But let's say if you're dealing with English language, the probabilities of the different characters are not the same. So S and P, you are going to encounter much more frequently than, say, Z or X. So let's say that the frequencies with which we expect these characters to occur are things like P1 through PM. OK?
Now how many possible messages are there? So number of possible messages that's are composed of N occurrences of alphabet of M letters you would say is M to the N. Now, Shannon was sort of concerned with sending the information about this message, let's say, over a line where you have converted it to, say, a binary code. And then you would say that the number of bits that would correspond to M to the N is the N log base 2 of M.
That is, if you really had the simpler case where your selections was just head or tail, it was binary.

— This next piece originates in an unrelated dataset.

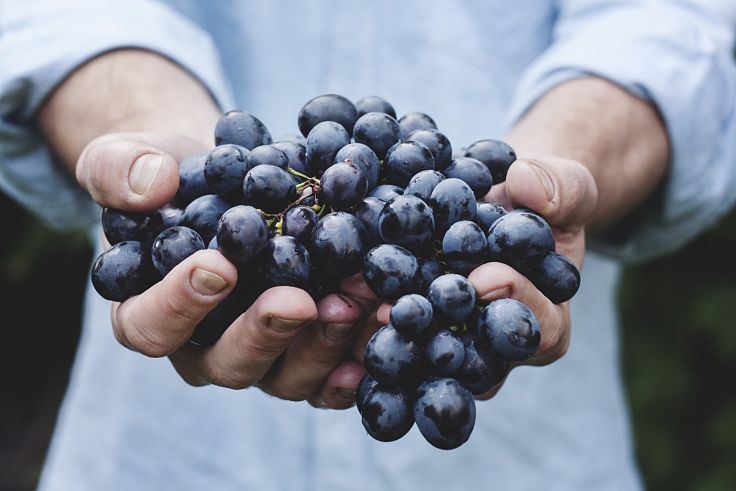 Fresh whole grapes and rich in nutrients. See how to make wide use of grapes in various dishes. They need to be used in moderation as they are rich in calories. Eat the skin as it is nutrient rich.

And you wanted to send to somebody else the outcome of 500 throws of a coin. It would be a sequence of 500 0's and 1's corresponding to head or tails. So you would have to send for the binary case, one bit per outcome.
If it is something like a base of DNA and there are four things, you would have two per base. So that would be log 4 base 2. And for English, it would be log 26 or whatever the appropriate number is with punctuation-- maybe comes to 32-- possible characters than five per [? element ?]. OK.
But you know that if you sort of were to look at all possible messages, most of them would be junk. And in particular, if you had used this simple substitution code, for example, to mix up your message, you replaced A by something else, et cetera, the frequencies would be preserved. So sort of clearly a nice way to decode this substitution code, if you have a long enough text, you sort of look at how many repetitions they are and match them with their frequencies that you expect for a real language.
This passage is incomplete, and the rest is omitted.